Grandma is currently 3rd near complete rewrite of this library and doesn't yet have a some of the old features that the previous generations had. The first generation used traditional references to build the tree, with RwLocks where needed, and the second used a arena with a hashmap with per bucket locking. The node-cache updates in the old generations absolutely killed the performance. Just querying the tree with this evmap fork is much faster, I haven't tried cache updates yet.
from left-right.
I think some of the changes that landed recently in #48 may help with this. You may find the discussion there interesting, as I think your use-case is somewhat similar to that of @MayaWolf :)
from left-right.
Glad to hear it!
Out of curiosity, how much of a difference did the swap from SmallVec<T>
to T
make? It should be marginal if you only ever have one T
per key, since the SmallVec<T; 1>
should be able to hold one T
without allocating. You definitely cannot safely do in-place updates with either though, since the values are aliased between the maps (unless you are cloning them instead?).

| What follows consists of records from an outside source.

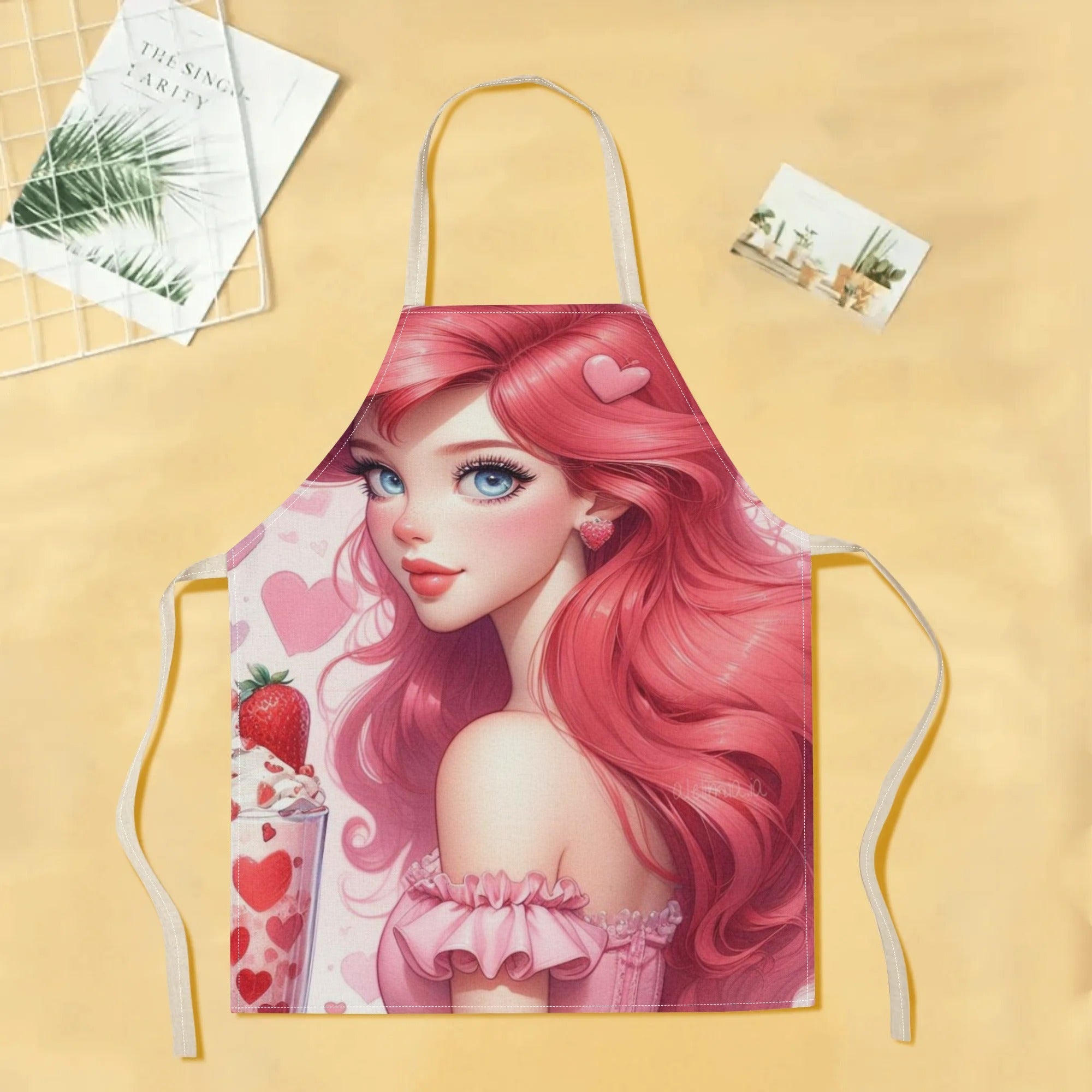 Colorful Cartoon Waterproof Apron for Kids, Durable Polyester, Suitable for Kitchen and Home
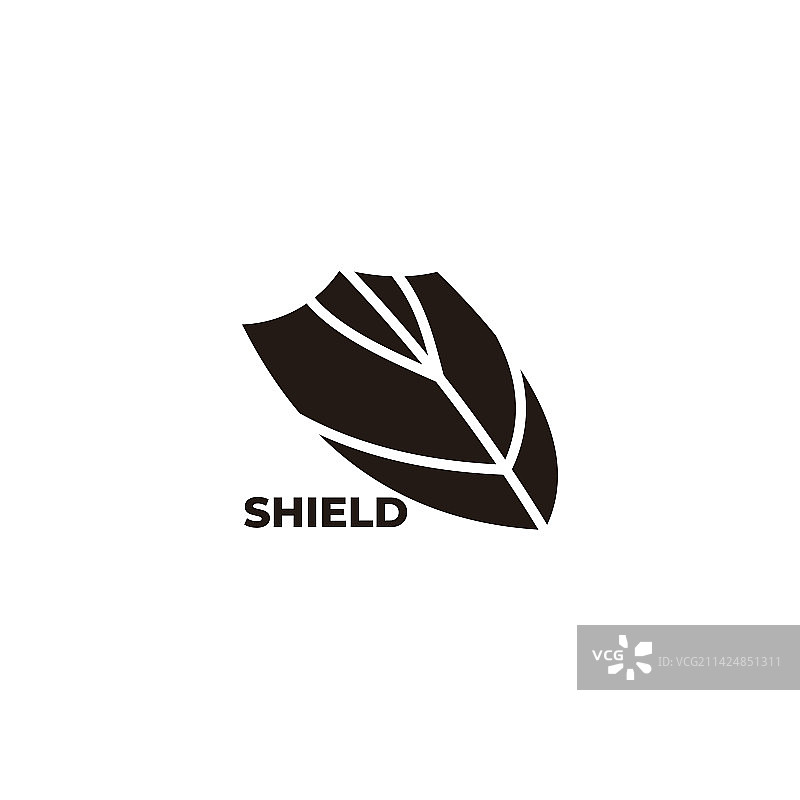 简约几何盾牌标志图片素材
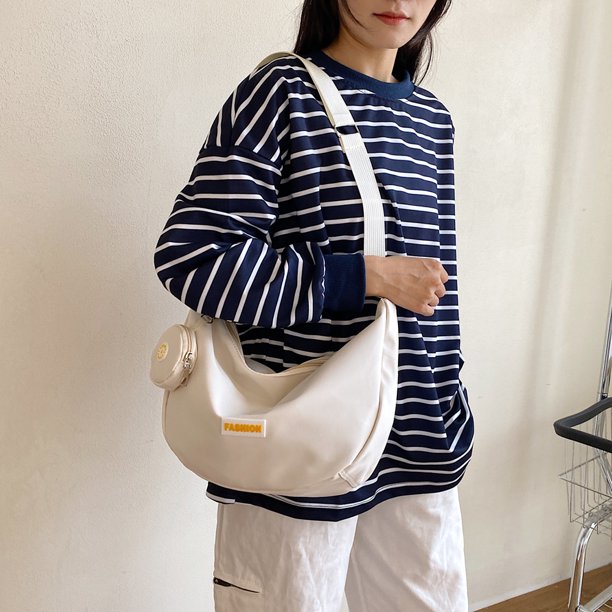 Bolsa Moda Hobo Crossbody Hombres Mujeres de hombro con monedero (Blanco) Likrtyny Para Estrenar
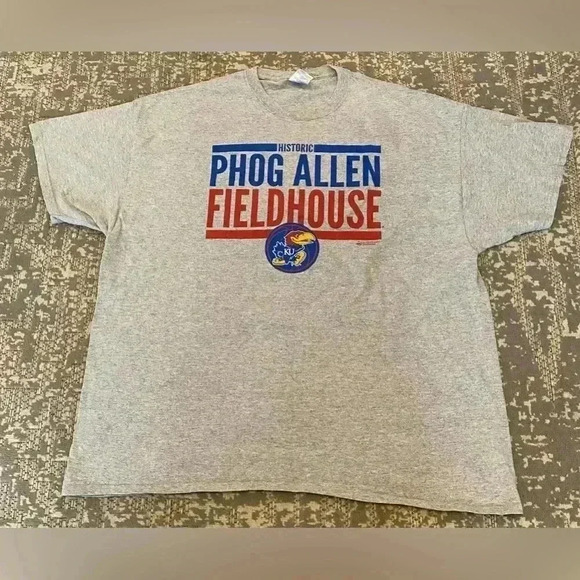 Kansas Jayhawks Phog Allen Fieldhouse shirt Size XXL Color Grey - Picture 1 of 4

As far as merging goes, I'd prefer finding a way to avoid replicating much of the unsafety. One way to do so might be to provide a thin wrapper type around evmap that has an API that assumes and enforces just one entry per key. And behind the scenes that would always benefit from the one-slot space held by the SmallVec
.
from left-right.
I clone them. I couldn't figure out a way without each update cloning the value, modifying the clone, deleting the old entry and finally inserting the update. The savings is mostly in the update code that is simpler and lets me clone only once at creation.
I was thinking of two solutions to multiple largely redundant unsafe blocks. One is to have a back end with all the unsafe that both maps use. This is probably too hard to get right, but if we did it would be nice.
The other is to have the map have 2 values, a metadata value that's cloned and a normal one that's a SmallVec
value. The base map would have:
pub struct WriteHandle<K, D, V, M = (), S = RandomState>
where
K: Eq + Hash + Clone,
S: BuildHasher + Clone,
V: Eq + Hash + ShallowCopy,
D: Clone + Default,
M: 'static + Clone,
{ ... }
The mono map would then just be a WriteHandle<K, D, ()>
and the multi-value map would be WriteHandle<K, (), V>
. This metadata-enhanced map would probably be the most helpful over all to me personally, I am implementing a hierarchical clustering system that could use both values extensively.
I hadn't thought of having a the monomap be a single-value enforced multimap. I don't think it'd work with a single value in the SmallVec
, though. A pair of values in the SmallVec
could work but we'd have to track which one we should read from.
from left-right.
A back end that holds the data and that both maps update would not be safe, since you'd then still have read-write conflicts on it. You could of course always use a lock, but that's equivalent to having your data type be Arc<Mutex<T>>
.
Having both a cloned and a non-cloned value seems like a very strange design indeed. Are there use-cases where someone would need both? I'm hesitant to have to juggle two different types of values in an already complex data-structure — it makes it much more likely that there'll be bugs.
Ah, yes, I was proposing just using the SmallVec
for a case where you never needed &mut
to a value, but wanted a simpler API (i.e., and API that doesn't expect multi-values for each key).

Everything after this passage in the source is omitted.